Every now and then I would consider the pain in my left leg and lower back. I would consider it thoughtfully. It was more of a dull ache and not a sharp shooting or severe pain. I didn’t feel any numbness in my leg or foot so I knew that was a plus. I couldn’t find a real excuse to stop running at the pace I was moving at. Then I focused on endurance. Yeah, I would probably tire myself out before I got to the finish line. I hadn’t run this far in a long time so I knew that fatigue would take over all areas of my body. These thoughts always ended with a final decision: to just keep running until I was either in severe pain or too tired to move my legs.
And the hills! Wow… Nashville is hilly! All of my running buddies know I love to run hills. It is actually the best part in my book because I usually tend to pass loads of people who are wearing down. Well, you might think that I would get even more tired since I hadn’t been out for my regular Tuesday night bridge runs in quite some time. Sure, I was more tired than usual, but you know what? That pain in my left leg would subside when I ran up an incline. No pain meant more running. On the downside, I had to go easy with the declines because those made the pain worse. So, I was passing walkers going up the hills, but runners were passing me as we went down the hills. They must have thought I was some sort of freak. Who runs up hills but walks down them?
It was one hill after another, but I didn’t really notice like most normal people would. The only hill that I actually cursed was the one at mile 12 because I was just so dang tired. At the marathon / half-marathon split at around mile 11 I easily talked myself out of joining the marathon course. I knew that would have been just plain stupid. As I neared the finish line I couldn’t believe that I had continued to run pretty much the whole way. Not only that, but the time just flew by and I couldn’t believe I was already almost there. It was then that I felt a wave of emotion. I had to curse the hill just so I would refrain from shedding the tears. I just could not believe what I had done despite all of the setbacks. I wasn’t sure if I should have been proud of myself or if I should have cursed at myself for being really stupid. I just knew in my heart that whatever pain I was feeling was nothing compared to the pain that Elizabeth and her parents have endured. I nearly choked at the thought of what it would be like to have a sick child and feeling helpless as she endured endless treatments. I almost felt like I had no right to stop and walk.

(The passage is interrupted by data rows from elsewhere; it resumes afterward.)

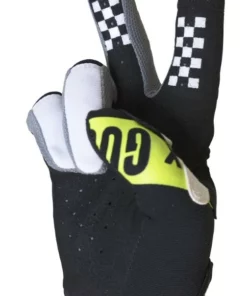 Fasthouse Youth Speed Style Domingo Gloves 13 Fasthouse Youth Speed Style Domingo Gloves -Motorcycle Gloves Sales fasthouse youth speed style domingo gloves 2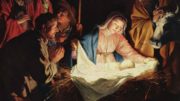 Christs Incarnation and Divinity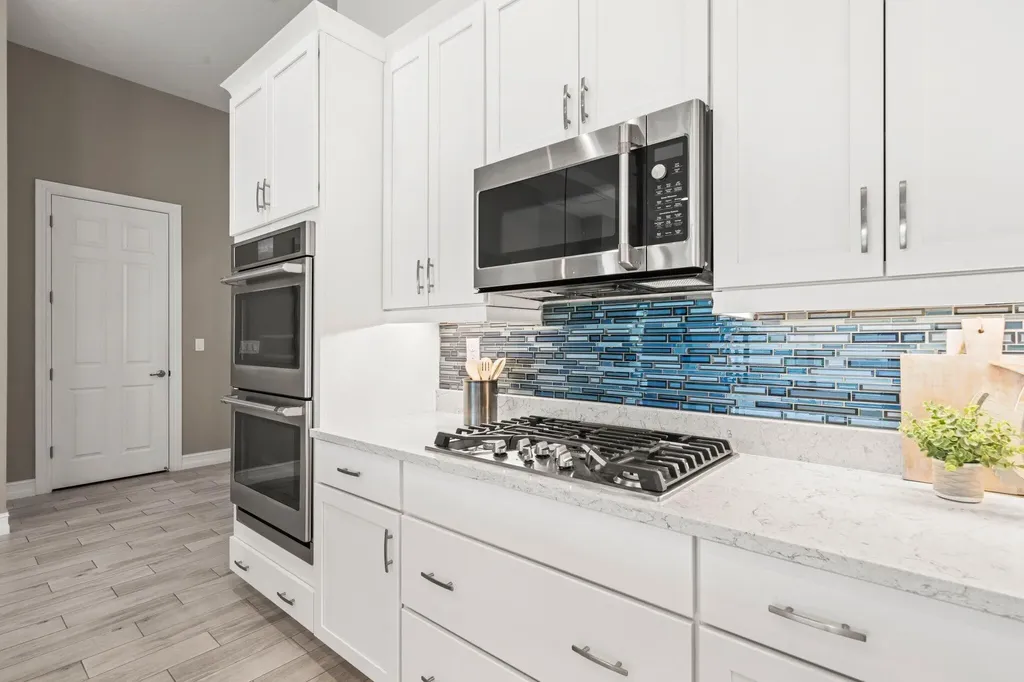 11856 Leon Circle N Parkland FL 33076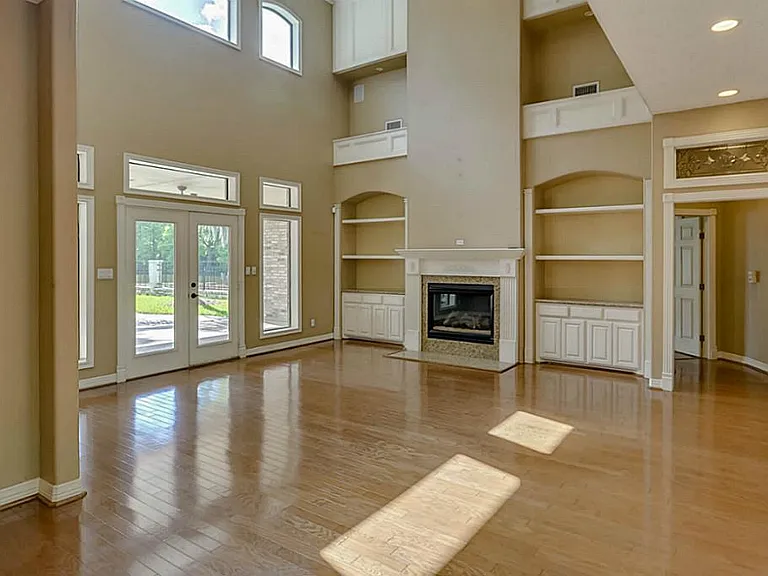58 Lake Rd — Photo 5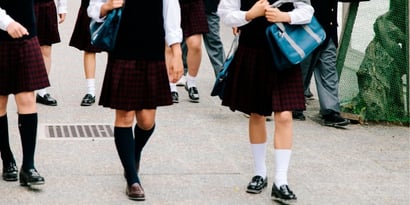 Co-ed or Single-Sex Schools: Which Is Better for My Child?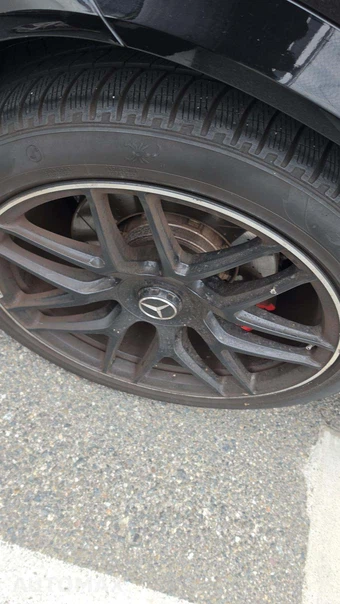 2021 Mercedes-Benz AMG GLE 53 4MATIC - miniatura 24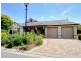 1 Gray  Court, Glenelg North SA 5045
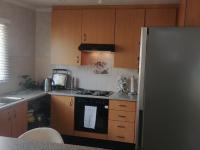  of property in Elandspark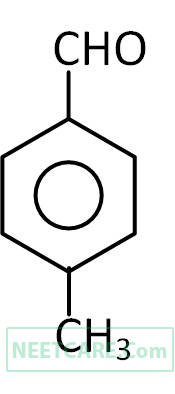 AIPMT 2014 Chemistry - Aldehydes, Ketones and Carboxylic Acids Question 66 English Option 3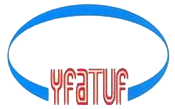 CAP icon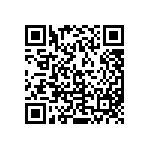 D38999-26KA35SD-LC QRCode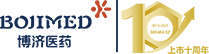 博濟(jì)醫(yī)藥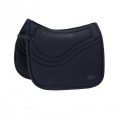 ESKADRON ALCA MAX REFLEXX SADDLECLOTH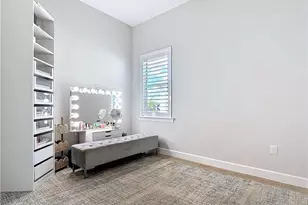 7041 Del Webb Oak Creek Blvd, North Fort Myers, FL 33917 - Photo 26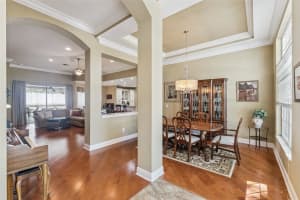 2460 CEDAR KNOLL DRIVE, APOPKA, FL 32712 - MLS#MFRO6389025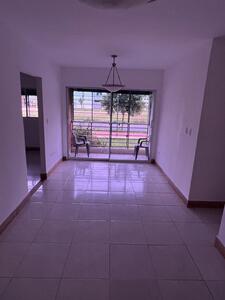 Imagen de Apartamento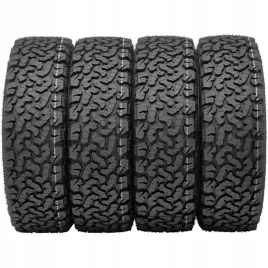 4x-opony-225-70-r15-caloroczne-wielosezonowe-at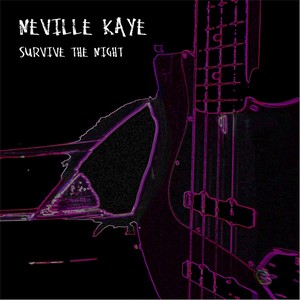 Survive the Night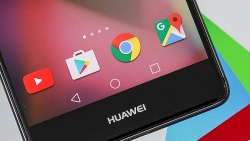oak os he dieu hanh cua huawei lo dien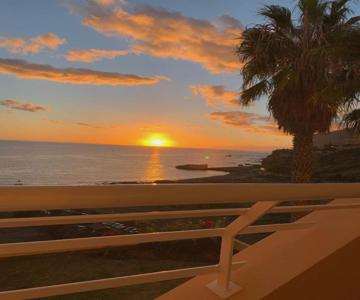 Formosa Beach Apartment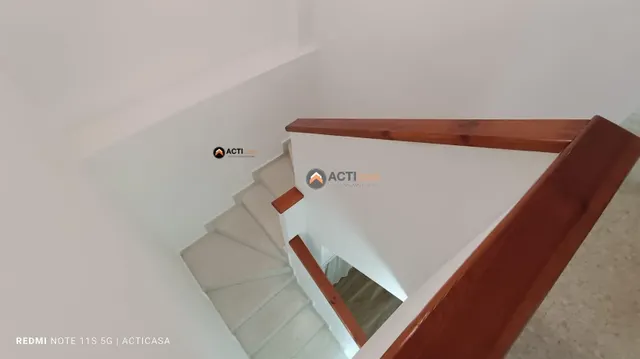 ✨duplex en mejostilla ✨ — 7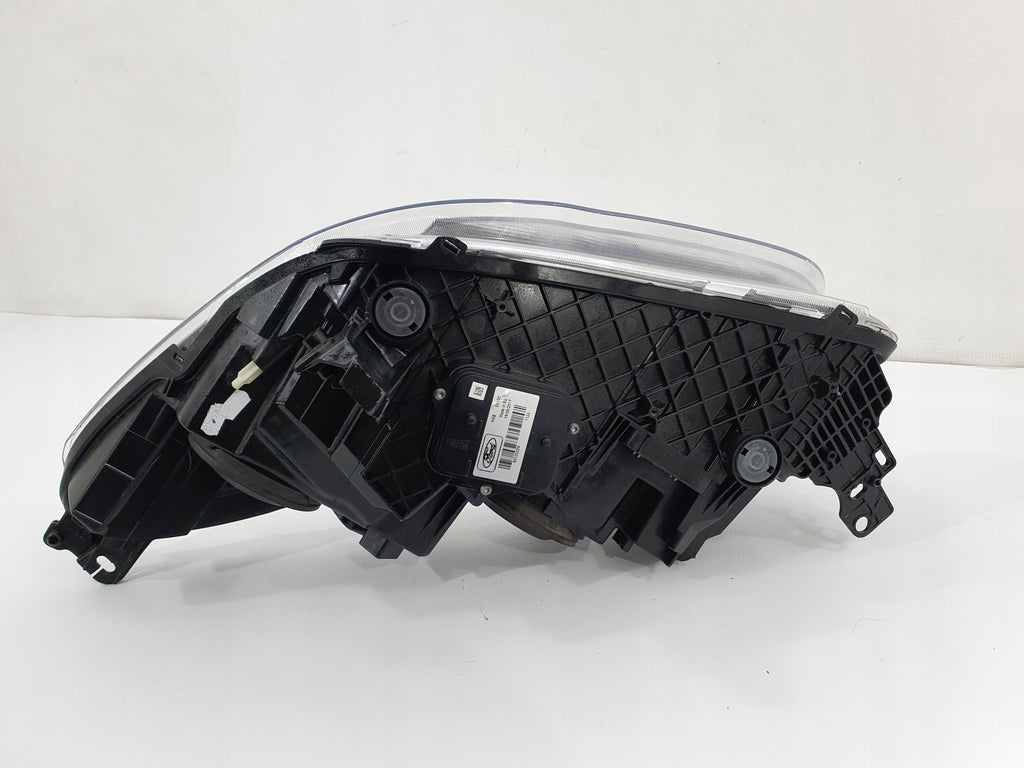 Frontscheinwerfer Ford Kuga 90156426 LED Rechts Scheinwerfer Headlight SCH2859430909zs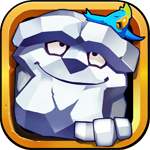 刀塔英雄 v2.1.0 iPhone版本 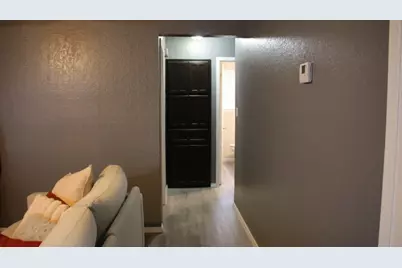 6320 Rebecca Lane, Watauga, TX 76148 - Photo 16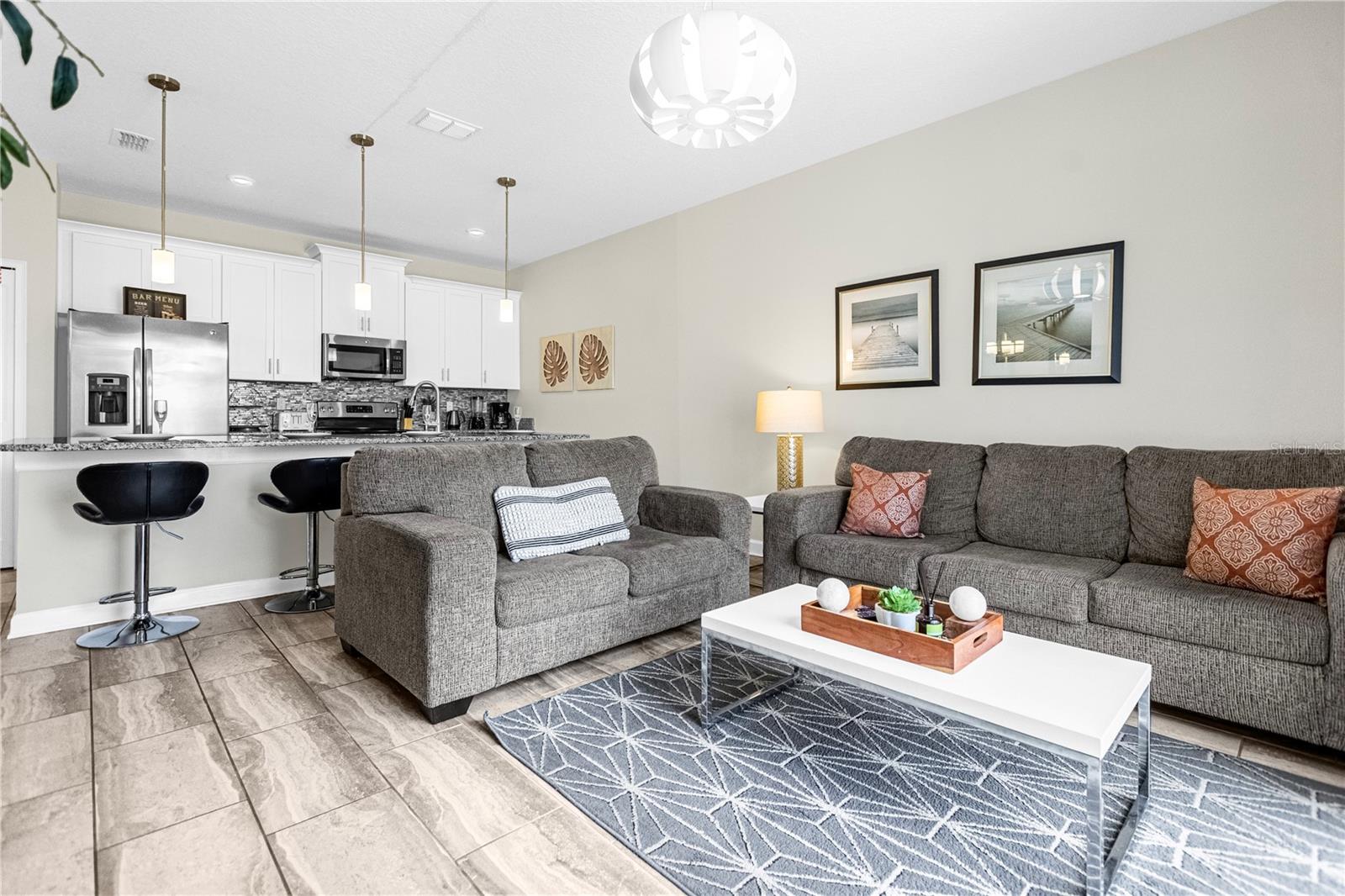 Image 11 of 41 For 9025 Dogleg Drive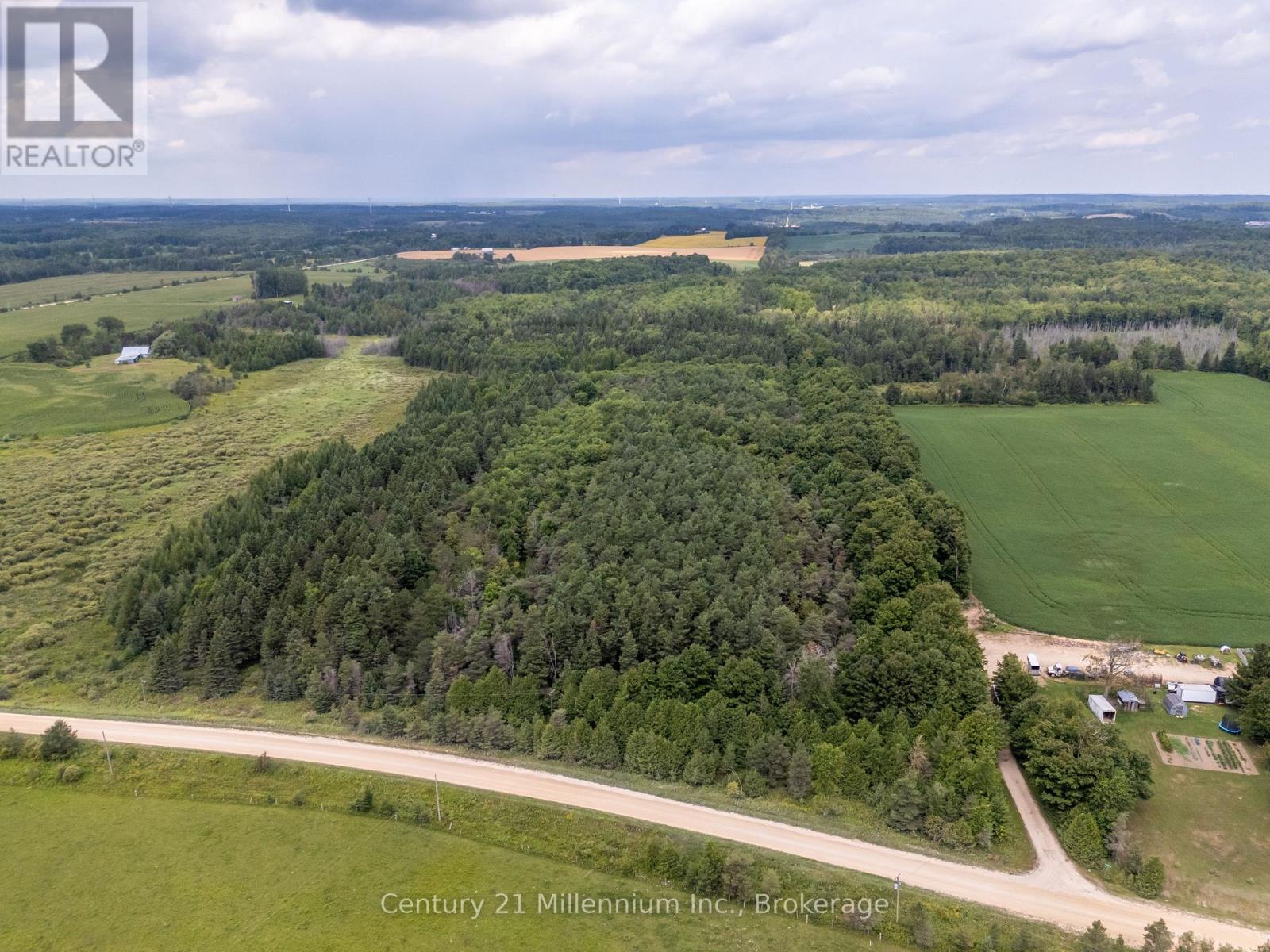 264701 Southgate 26 Road, Southgate, ON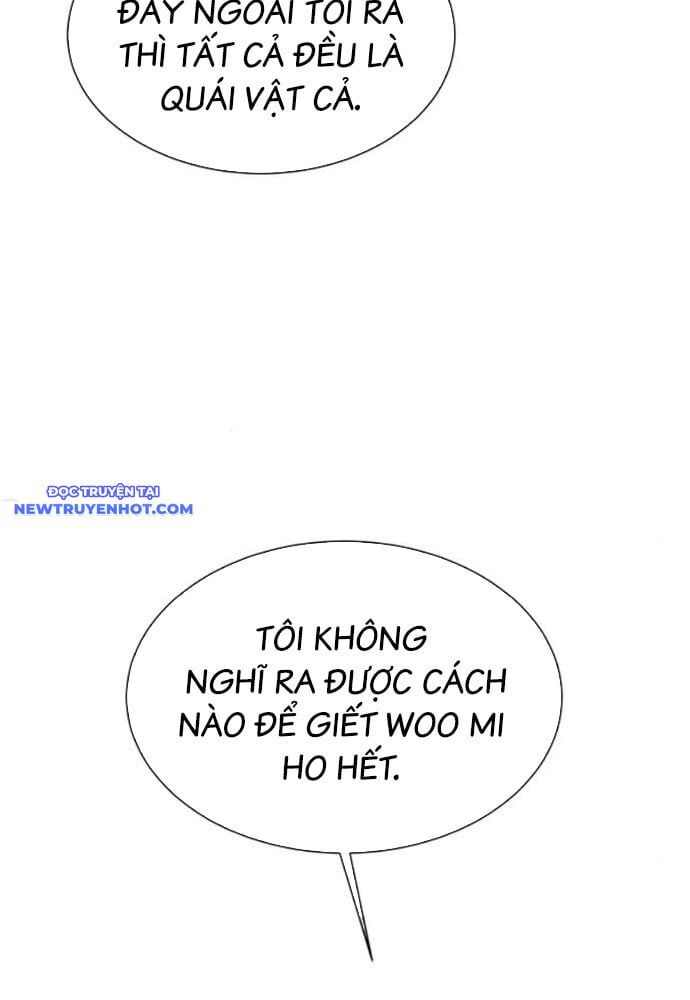 page_100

Somehow I managed to cross the finish line at 2:19:18. My worst time ever, but not by much. My first half-marathon time was 2:17:55. A far cry from my fastest time of 1:49:57 (accomplished just a few short months ago), but how can I complain? My goal was 3 hours! I was planning to WALK! What happened? I don’t know, but I will take it. I just can’t believe I did it. I really can’t.
Of course I was worried that I wouldn’t be able to get out of bed the next morning. Then I would hear the endless “I told you so’s” and never be able to redeem myself. But to my utter amazement, my left leg and lower back were perfectly fine. Strangely enough, I didn’t feel even the slight pain that I had been feeling over the past few weeks. Yet, I wasn’t left in tip-top shape. Nope, my body had to reward me with a strained right calf muscle. Now I am limping around on my other leg. Okay, whatever. I will take it.